A: I had 44,000 schoolchildren in Europe.
Q: Does that mean that you (inaudible) civilian population (inaudible) military population.
A: As much as I can do.
Q: Universal healthcare?
A: What we said on healthcare is first we want to make it universal for children through the age of 22. And if the parents can't afford this, it's going to be like a driver's license, like automobile insurance. You must insure your child, going to be the law. And if you don't do this, if you do this, then we'll provide you the assistance to make sure it's done right. And then for people above the age of 22 will take the programs offered by, to members of Congress and we'll make them available as the insurance agency of last resort. We'll support state risk pooling, we'll support employer insurance coverage, not trying to do away with that system. But we want to make sure that every adult American has the opportunity to have access to a health insurance plan at a reasonable cost. And so we will buy down the people who are conventionally uninsurable. We'll buy down their premiums to a level that's reasonable and affordable.
Q: What happens if you (inaudible) insurance coverage. What happens (inaudible)?

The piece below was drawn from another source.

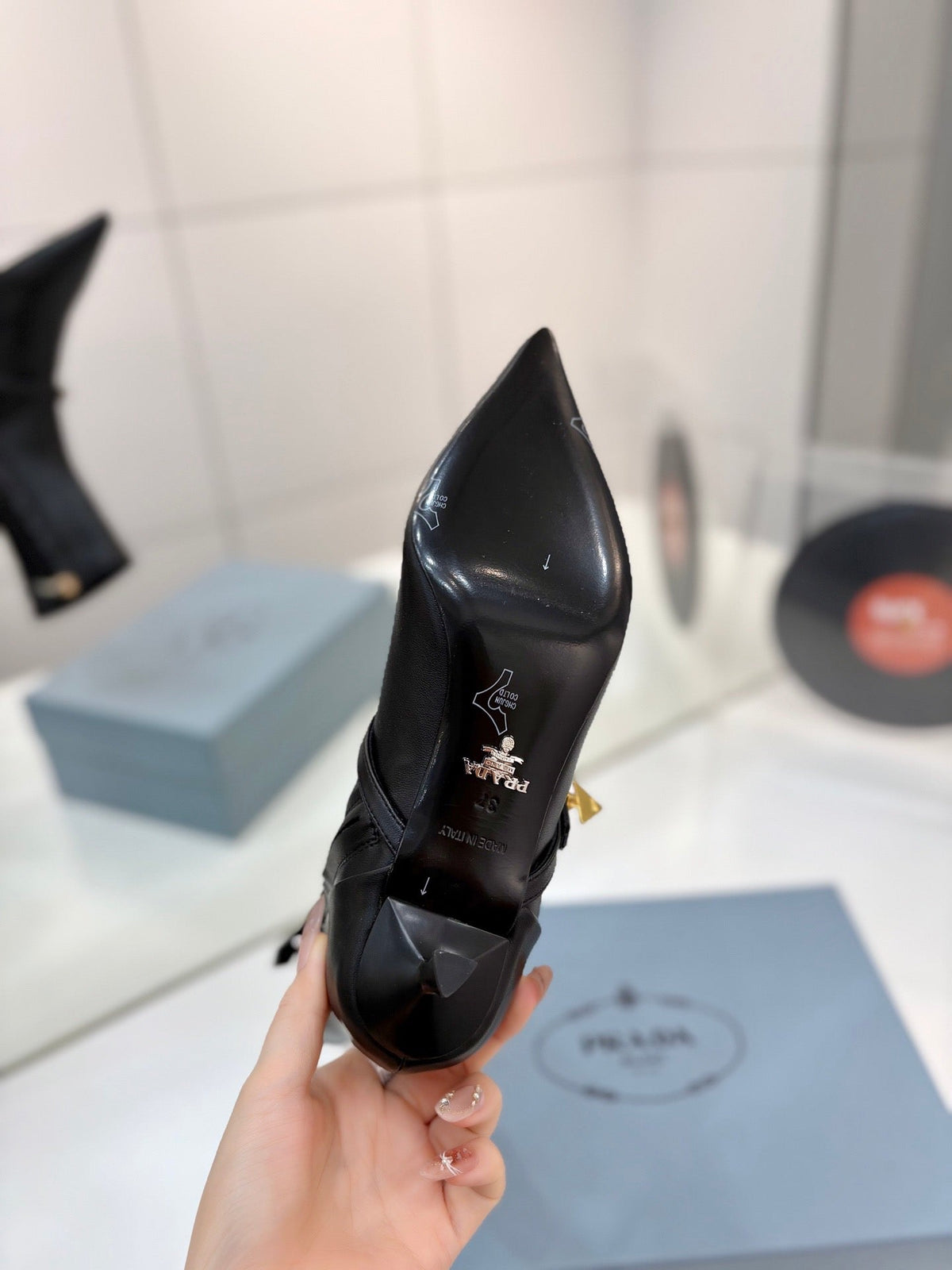 Prada 26s Ankle Boots 5.5cm Black Stretch Nappa Enameled Triangle Logo Leather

A: You will be, you will not receive the reimbursement on your tax forms. And we'll try to work it another way. We've got to worked the details of the program. I'm not going to put the parent in jail if you're applying that, (inaudible) traffic ticket for this. But it's an effort to get the child insurance through the school or through some other means so the child is covered by health insurance. And we'll be working this through the same system we use for income tax deductions.
Q: What kind of cost would this entail?
A: What kind of cost?
Q: Yeah.
A: $700,000,000,000 for this program over ten years.

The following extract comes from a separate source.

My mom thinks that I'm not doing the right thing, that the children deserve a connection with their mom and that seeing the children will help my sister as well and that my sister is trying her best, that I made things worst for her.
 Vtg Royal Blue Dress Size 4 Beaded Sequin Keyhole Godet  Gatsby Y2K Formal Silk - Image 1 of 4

Q: And how would you pay for that?
A: We will pay for that by going to those Americans making more than 200,000 a year and taking back that money, the Bush tax cuts, from 35% back up to 39.6%. It's about $1,000,000,000,000 over a decade.
Q: General, the military's K-12 schools have won kudos, not just for the kind of (inaudible) which you talked about which is very important (inaudible), but also because of the standardized curriculum, so that when a kids' parents get moved from one base to another, (inaudible). Is that something you'd recommend for the country at large, should we have national curriculums?
A: No, I don't recommend that, because I think there's too much variability. First place, it doesn't really work in the military either, because there's, the children themselves are not (inaudible) within the DOD schooling system. In other words, if they're living in Fort Hood, Texas, they're going to civilian community school. Parent gets assigned to Germany, child shows up in a DOD school system. And then there's this curriculum and then they get reassigned to the Washington DC area and they're going to the Fairbanks County school system. So there's no real standardization. In fact, what we had to do is we had to argue against the standardization of curriculum. And one of the things we got rid of in the curriculum when I was there was math land. Math land was a 1970s era California import, set theory, don't memorize multiplication tables, just think about it and we're just going to ask you, you know, five times four, think about it, children, now what would that be. And of course it confused the parents, couldn't understand what the children were learning, why they didn't understand what five times four was. And it confused the teachers because it was supposed to be an introductory trainer kit, you know, with all kinds of teaching aides. The kinds of preparation, when you introduce a program that get lost. And this program has been in the DOD school system for, I don't know, a decade or more in Europe. And in the process of this, we actually had the DOD school system administrator was in Washington. She came over and went through Europe and we'd been warning, I'd been complaining to her regularly. You know, she came through and sassy, well, I'm going to see it myself. And it was one of the, she had these very hostile parent meetings in which, our child, you know, you can't, nothing makes military families more upset than their children's lack of education. And they feel like the child is not getting what they should be getting. And she resigned. I mean, we were pretty tough on getting what we wanted for the kids over there.
Q: And what about the national standards in the No Child Left Behind law. How do you --
A: I don't like those standards.
Q: (inaudible)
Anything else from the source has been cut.